He was no filmgoer as a child; books and baseball mattered more. Penn was frightened by a horror picture when he was 5 and said he did not see another movie until his teens, when Orson Welles’ “Citizen Kane” “staggered” him.

Along with Welles and Charlie Chaplin, Penn greatly admired Akira Kurosawa and the French New Wave directors, especially Truffaut and Godard.

He was known for allowing actors to improvise _ and getting a wide range of expression from them in return. He believed words are to the theater as action is to film: “A look, a simple look, will do it.”

Penn’s 1960s success was bracketed by frustration. Early in his career, he was so angered by how Warner Bros. changed “The Left Handed Gun,” a Western released in 1958, that he stopped making movies and turned to Broadway. He was fired from “The Train,” a 1964 film, over disagreements with the lead actor, Burt Lancaster. And none of his later works found favor at the box office, though several _ “Night Moves” (1975), “The Missouri Breaks” (1976) and “Four Friends” (1981) _ won critics’ praise.

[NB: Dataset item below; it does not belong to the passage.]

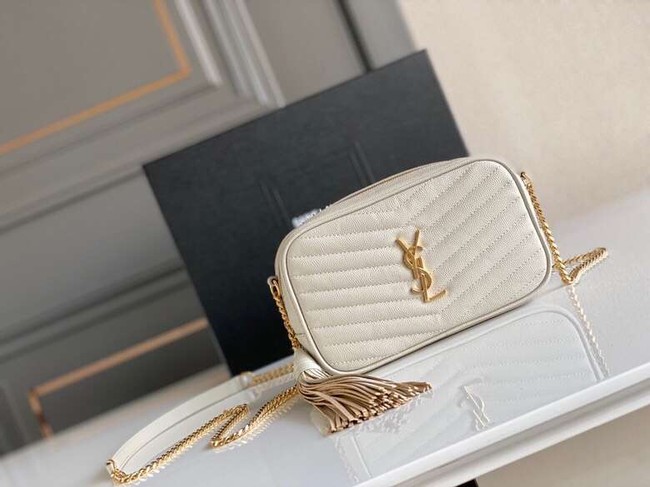 Yves Saint Laurent VINTAGE CAMERA BAG IN Calfskin Leather 6125791 white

Penn decided to live in New York, rather than Los Angeles, as Hollywood soured on his social vision. Broadway, too, seemed increasingly drawn to blockbuster musicals rather than serious drama, further marginalizing Penn.

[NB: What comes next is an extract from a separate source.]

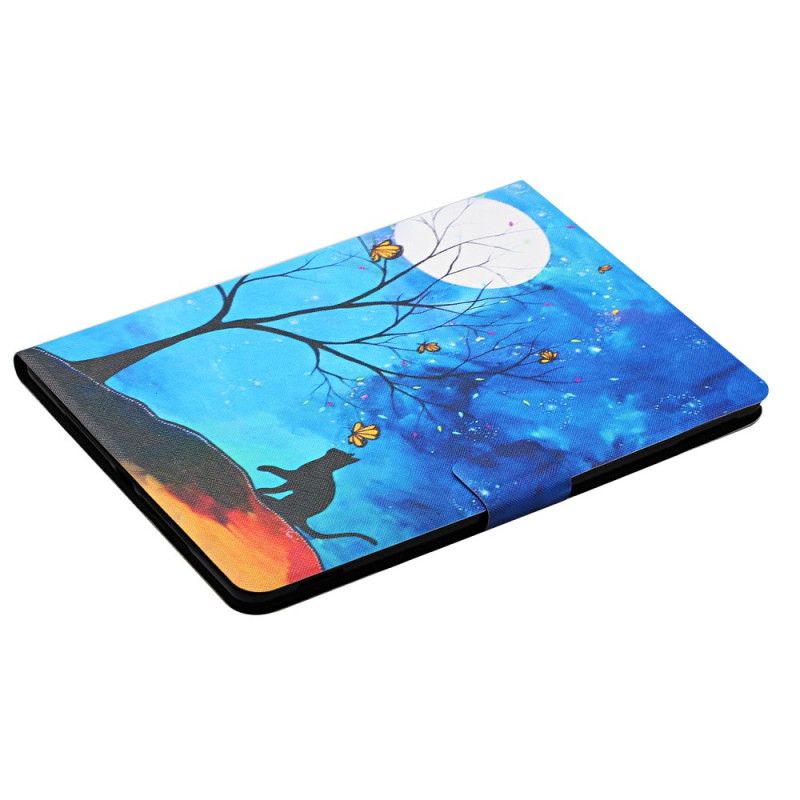 Lederhüllen Samsung Galaxy Tab A7 Gelb Baum Mit Mond Und Sonne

“It was frustrating and more than a little humiliating,” Penn once told The New York Times.

“It’s not that I’ve drifted away from film,” he said in another interview. “I’m very drawn to film, but I’m not sure that film is drawn to me.”

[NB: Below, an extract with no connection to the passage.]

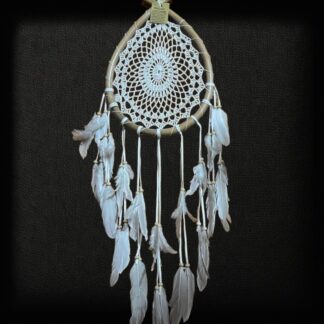 Macrame dreamcatcher on rattan frame with feathers on tassels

Arthur Hiller Penn was born in Philadelphia on Sept. 27, 1922, the son of Harry and Sonia Penn and brother of Irving Penn.

Although both sons were involved in the visual arts, Arthur Penn later said that he saw little in common in their work and rarely discussed the ties between them. (Beatty would claim the director was influenced profoundly by his brother, who was known for a spare but dramatic photographic style. The older brother died in October 2009.)

Penn joined the Army during World War II, formed a dramatic troupe at Fort Jackson, S.C., was often in trouble for behaving disrespectfully to his superiors and was in an infantry unit that fought in the Battle of the Bulge. After the war, he studied literature in Italy for two years, then returned to New York, where he found work as a floor manager on NBC-TV’s “Colgate Comedy Hour.”

By the early 1950s, Penn was writing and directing TV dramas. In 1956, he debuted as a Broadway director, but “The Lovers” closed after just four days.

As a boy, Penn had little success learning the watchmaker’s trade from his father, who died without having seen any of his son’s films.

“He went to his grave despairing I would never find my way in the world,” the director said, “and the movies rescued me.”